ONC201 sensitized cancer cells to mTOR (mechanistic target of rapomycin) inhibition, a downstream effector of PI3K/AKT, leading to increased TRAIL receptor DR5 expression, as well as activation of caspase-8.12 These effects were at least partly reversible when the TRAIL receptor was sequestered, caspase-8 activation was inhibited, or when mTOR was degraded.10 Experimental and computational approaches confirmed that ONC201 synergizes with MAPK and AKT inhibition.13,14
However, the mechanistic primacy of TRAIL receptor activation by imipridones was quickly called into doubt. Activation of non-TRAIL-related pathways was observed, including those related to mitochondrial apoptosis, such as mitochondrial respiration machinery failure, oxidative phosphorylation-related gene suppression and structural damage, as well as poly-ADP-ribose polymerase (PARP) cleavage.12,13,15 More bioavailable and potent analogues of ONC201 made it even clearer that imipridones were poor activators of TRAIL, with highly variable activation of caspases and DR5.16 TRAIL receptor activation has therefore fallen out of favour as anything more than a downstream or overlapping effect of other mechanisms.

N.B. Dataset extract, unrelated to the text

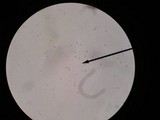 Amanita minutula image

The reputation: Antagonism of the dopamine receptor D2 pathway
Dopamine is a catecholamine neurotransmitter whose function ranges from voluntary movement to reward behaviour and other neurological functions.17 Dopamine-related signalling occurs through two groups of G-protein-coupled receptors: the D1-like receptors, comprised of dopamine receptor D1 and dopamine receptor D5 (DRD5), which activate adenylyl cyclase, and the D2-like receptors, comprised of dopamine receptor D2 (DRD2), dopamine receptor D3 and dopamine receptor D4, which inhibit adenylyl cyclase. Though beyond the scope of this review, a link between dopamine and cancer has been posited for decades, stemming from observations of an inverse linkage between Parkinson’s disease (a dopamine-deficiency disorder) and cancer, as well as complex and conflicting relationships between cancer and the use of dopaminergic antipsychotics.18 This was further clarified in the molecular era when reviews of The Cancer Genome Atlas (TCGA) revealed broad DRD2 overexpression across a variety of tumour types, including the aggressive brain tumor glioblastoma (GBM), that correlated with poor prognosis.19
An unbiased drug screen, using a Bayesian design for drug-target prediction, initially discovered the link between DRD2 and ONC201.20 Integrating data about drug structure, function and receptor-interaction biology, the interaction was predicted in an unbiased approach by comparing with novel drug-receptor binding partners to established data about drugs with known targets and established interactions.20 This was confirmed experimentally, whereby GBM cell sensitivity to ONC201 is inversely correlated with DRD5 expression, a negative regulator of DRD2 activity.19 Radioligand binding studies subsequently demonstrated that ONC201 antagonizes DRD2 via allosteric changes at concentrations needed for anti-proliferative effects and in a dopamine-independent manner.21,22
The downstream consequences are several-fold. First, ONC201 disrupts DRD2 receptor engagement with scaffolding proteins, such as beta-arrestin, which inhibits pro-proliferative MAPK and PI3K/AKT signalling pathways, as well as a metabolic reprogramming that suppresses glycolysis and oxidative phosphorylation.21,23,24 Second, because DRD2 normally suppresses adenylyl cyclase levels, ONC201 raises cyclic adenosine monophosphate (cAMP) levels and leads to increases in pro-apoptotic, cAMP-responsive factors, including activating transcription factor 4 (ATF4) and C/EBP homologous protein (CHOP).21 Finally, DRD2 has been shown to activate MET to promote GBM stem-like cell growth.25 Interestingly, ONC201 may have additional effects on the tumour microenvironment, in which GBM-co-cultured monocyte-derived macrophages make an inflammatory switch to a pro-inflammatory state in the presence of ONC201, but whether this is a direct effect of ONC201 or an interaction with GBM cells is not fully elucidated.26
Though DRD2 antagonism is an established mechanism of action for imipridones, it again does not appear to be the dominant mechanism, in large part due to observations of loss of mitochondrial integrity and function, which has no established link to DRD2 signalling. Furthermore, pharmacological inhibition and genetic knockout of DRD2 did not fully abrogate ONC201, recapitulating its known cytotoxic effects.27 While imipridones are still associated with DRD2 antagonism, a third, more prominent mechanism has emerged.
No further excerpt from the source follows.